-- DATASET EXTRACT --
────────

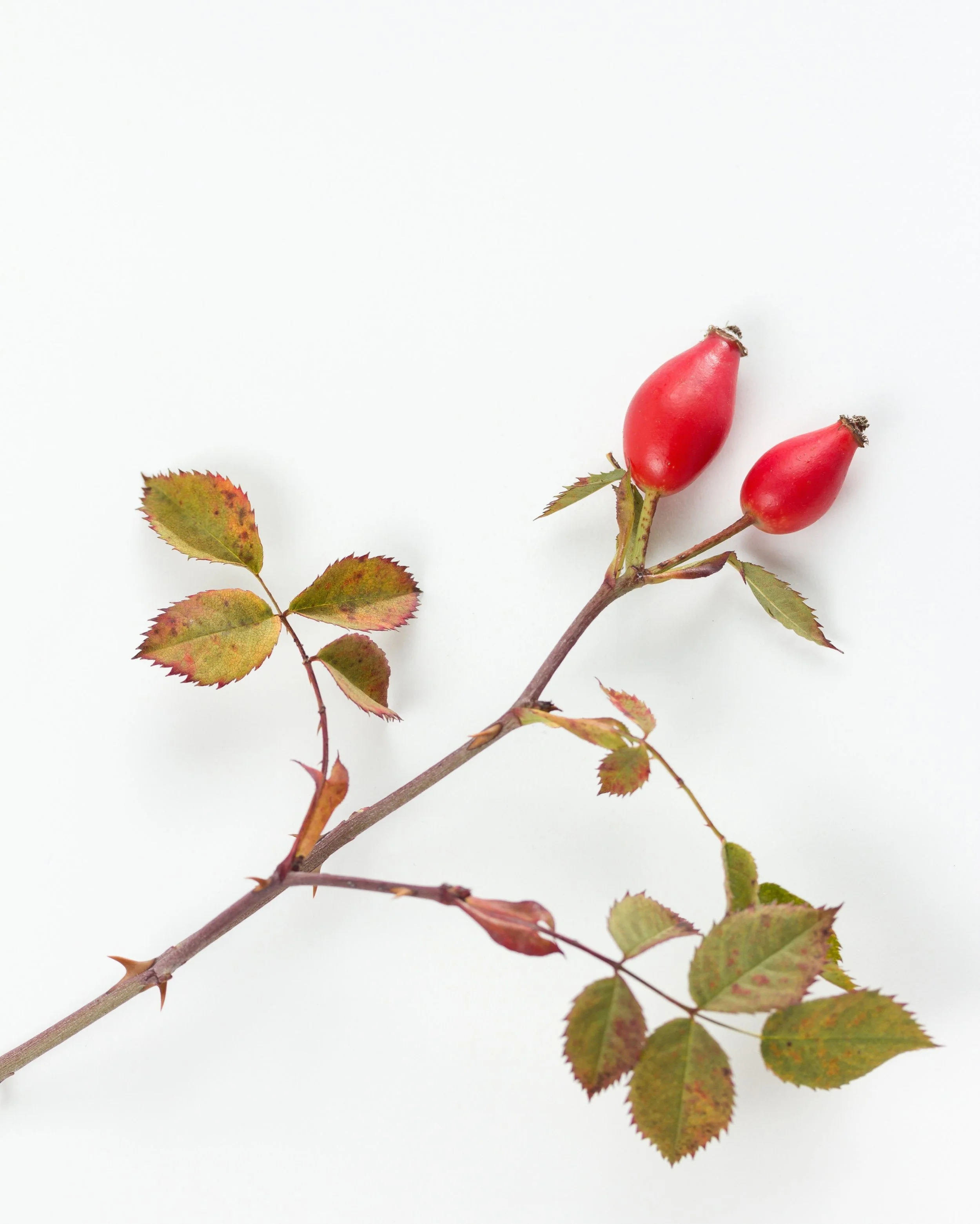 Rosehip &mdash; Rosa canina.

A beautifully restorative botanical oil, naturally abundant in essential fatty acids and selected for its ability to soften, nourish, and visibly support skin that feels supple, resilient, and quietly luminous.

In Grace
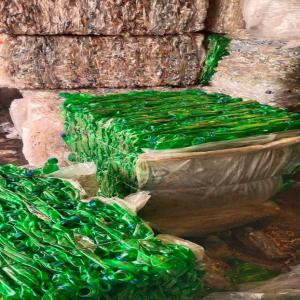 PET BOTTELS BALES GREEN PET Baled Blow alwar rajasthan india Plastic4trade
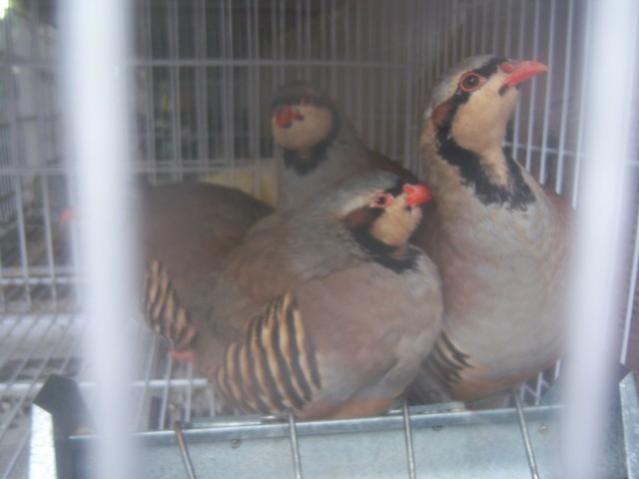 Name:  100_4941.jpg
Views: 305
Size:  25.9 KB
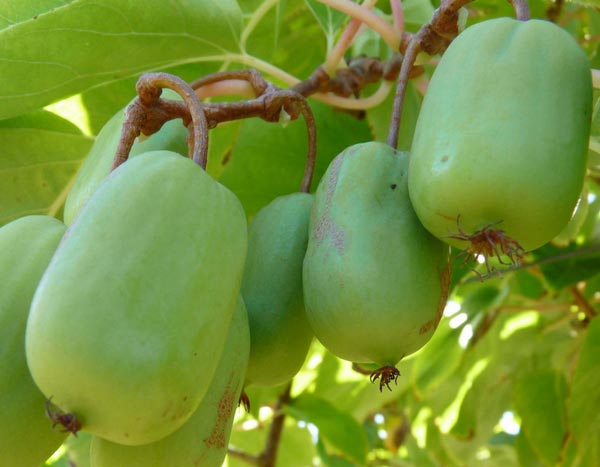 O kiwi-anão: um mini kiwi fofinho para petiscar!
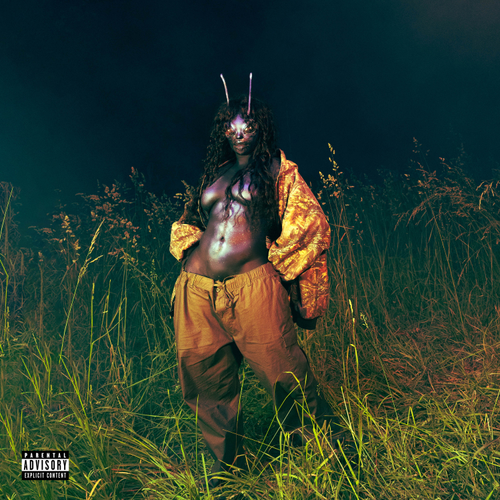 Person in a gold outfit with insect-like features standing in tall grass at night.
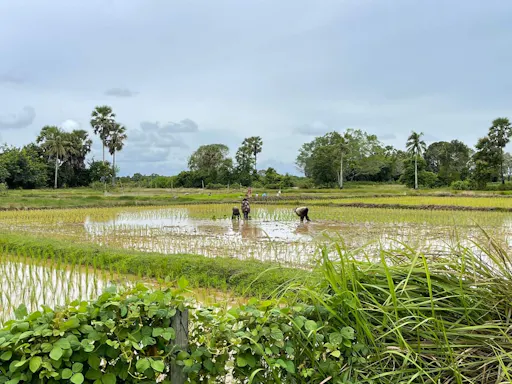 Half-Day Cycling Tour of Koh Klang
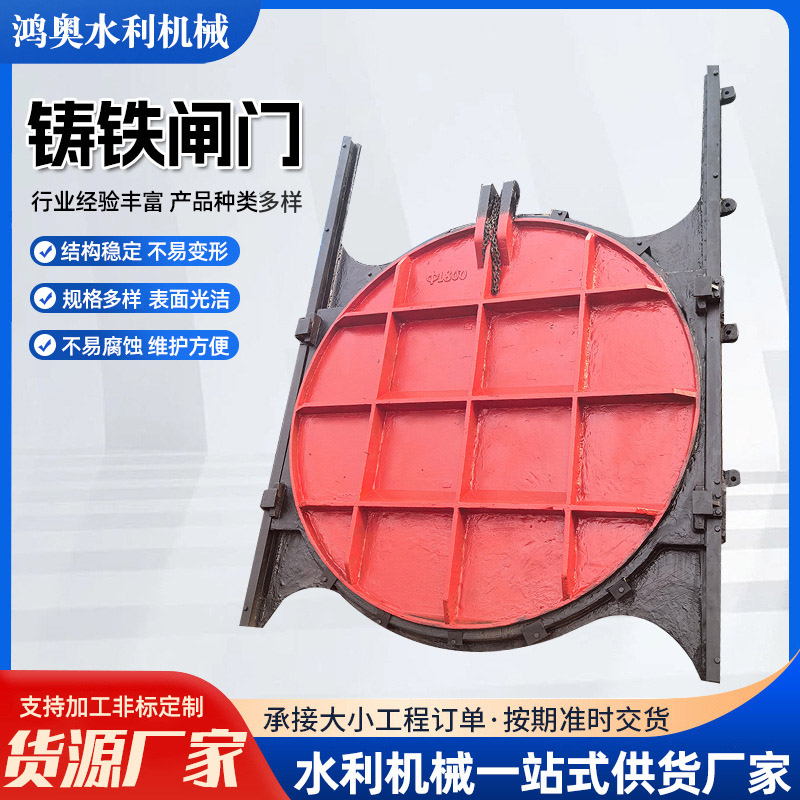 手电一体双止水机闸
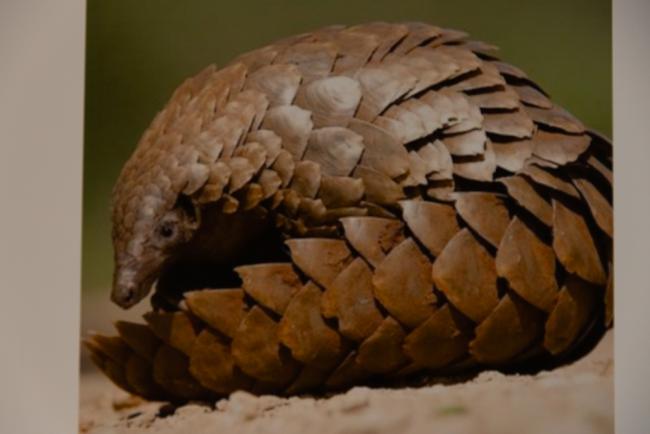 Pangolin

────────

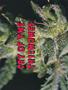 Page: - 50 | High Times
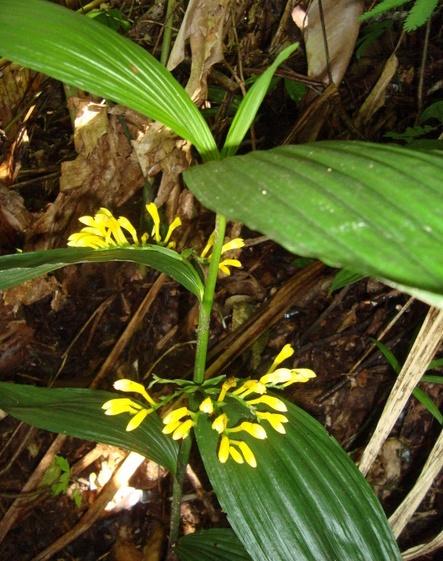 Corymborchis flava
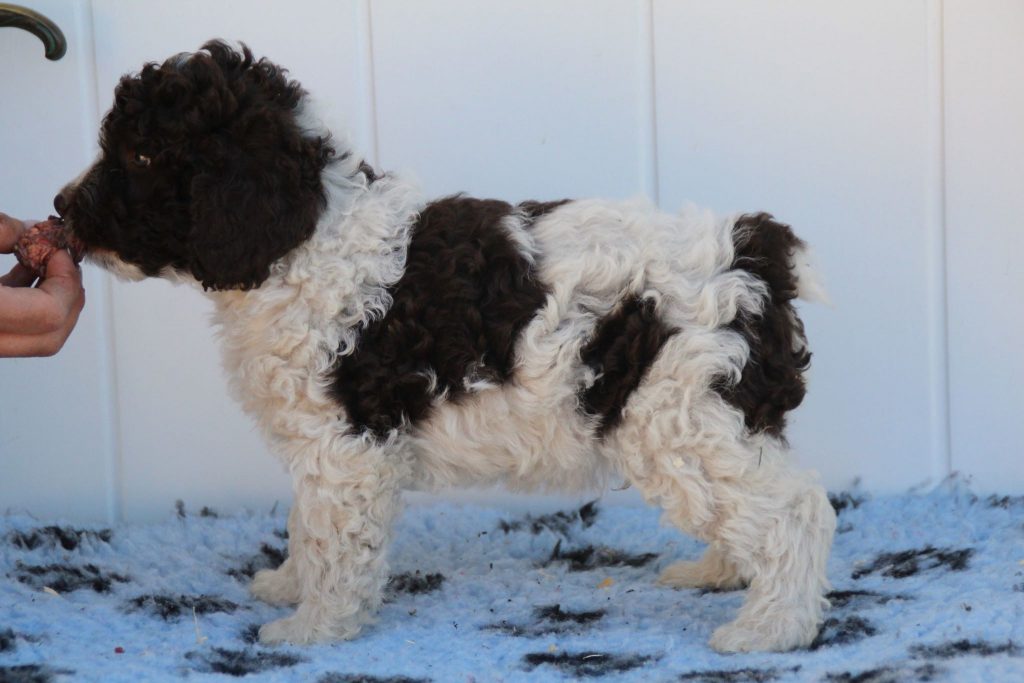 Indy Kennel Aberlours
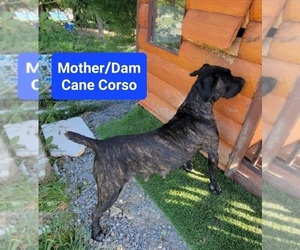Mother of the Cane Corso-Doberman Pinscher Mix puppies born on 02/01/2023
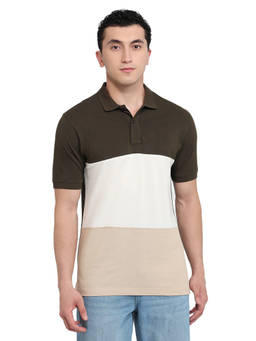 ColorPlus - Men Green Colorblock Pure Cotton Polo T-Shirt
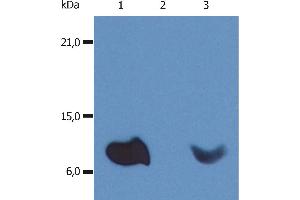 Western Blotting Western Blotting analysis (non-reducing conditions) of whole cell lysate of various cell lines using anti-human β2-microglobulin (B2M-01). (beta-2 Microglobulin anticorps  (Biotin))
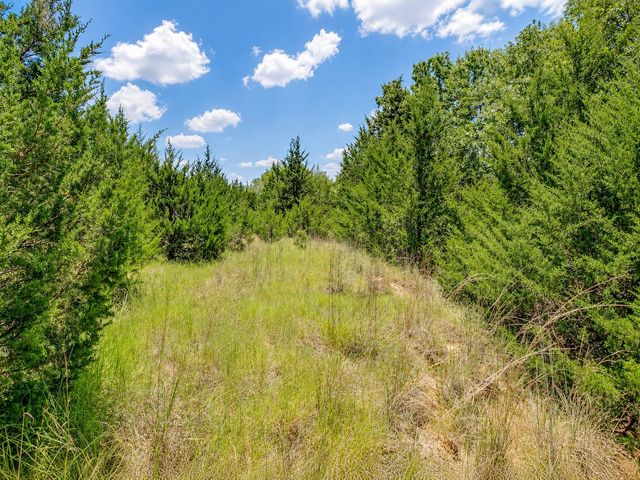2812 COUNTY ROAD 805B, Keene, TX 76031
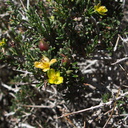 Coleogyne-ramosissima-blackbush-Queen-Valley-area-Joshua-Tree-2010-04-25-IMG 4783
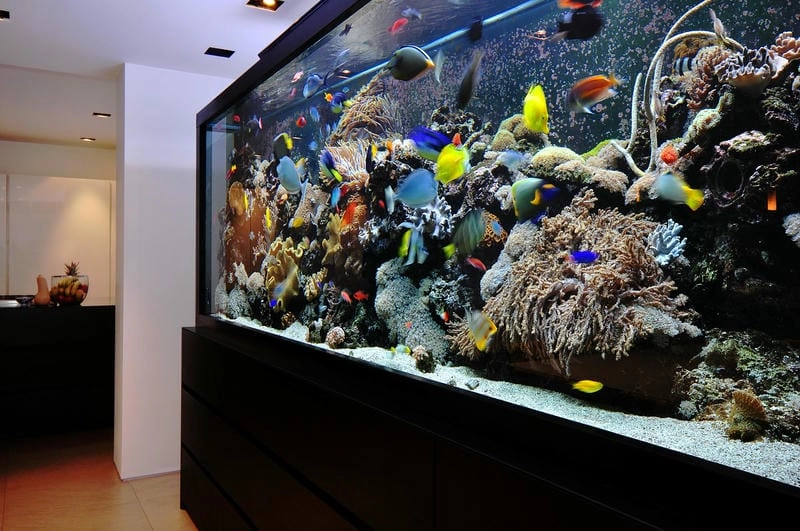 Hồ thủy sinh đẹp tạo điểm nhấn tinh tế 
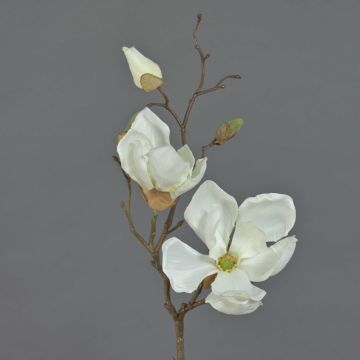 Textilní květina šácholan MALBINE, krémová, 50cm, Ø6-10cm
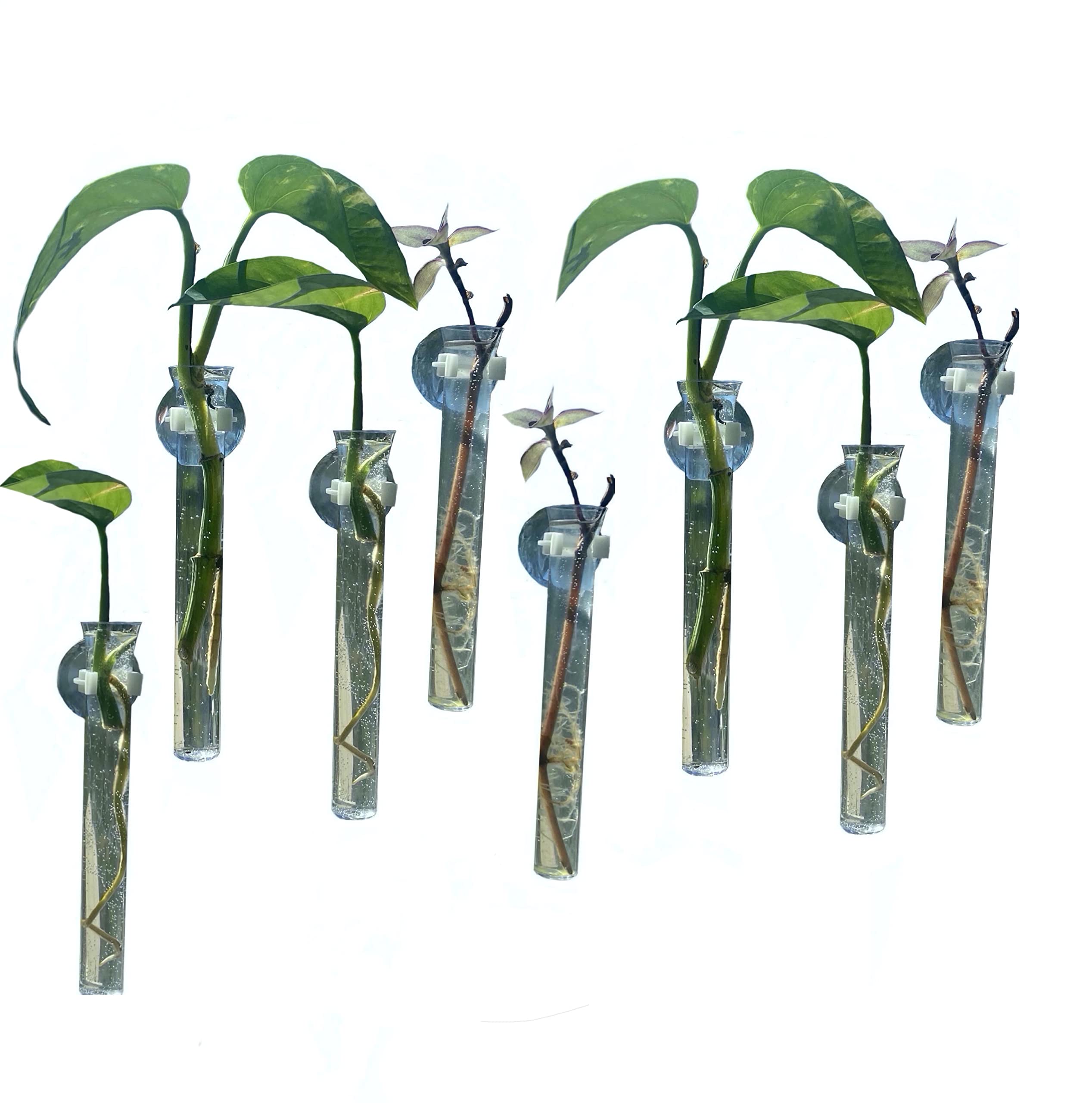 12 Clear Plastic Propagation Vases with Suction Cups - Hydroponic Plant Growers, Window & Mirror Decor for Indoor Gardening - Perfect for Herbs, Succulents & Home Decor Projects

────────

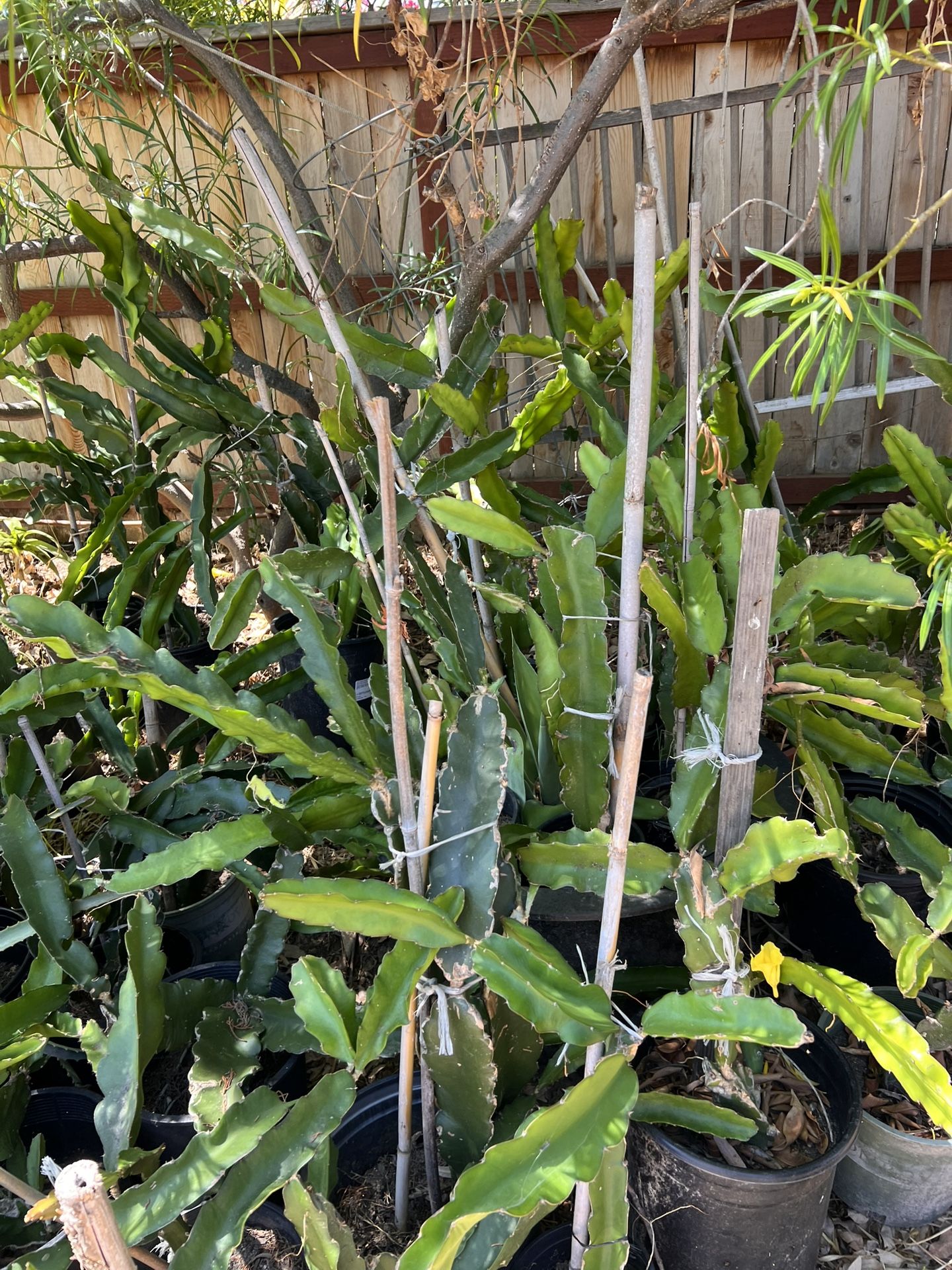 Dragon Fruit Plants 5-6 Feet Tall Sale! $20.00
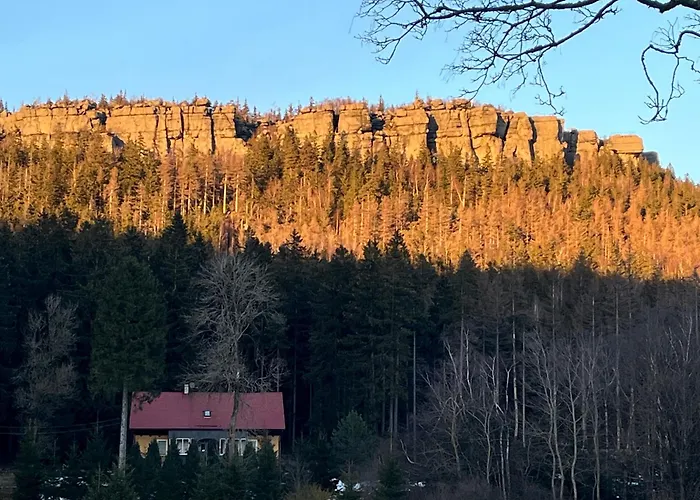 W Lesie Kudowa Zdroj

────────

-- WHAT NEEDS TO BE DONE --
Give back exactly, and solely, the section of the data above bounded by the line containing "Rosehip &mdash; Rosa canina." and the line containing "O kiwi-anão: um", both bounding lines included and pictures omitted.

-- WRITTEN SOLUTION --
 Rosehip &mdash; Rosa canina.

A beautifully restorative botanical oil, naturally abundant in essential fatty acids and selected for its ability to soften, nourish, and visibly support skin that feels supple, resilient, and quietly luminous.

In Grace
 PET BOTTELS BALES GREEN PET Baled Blow alwar rajasthan india Plastic4trade
 Name:  100_4941.jpg
Views: 305
Size:  25.9 KB
 O kiwi-anão: um mini kiwi fofinho para petiscar!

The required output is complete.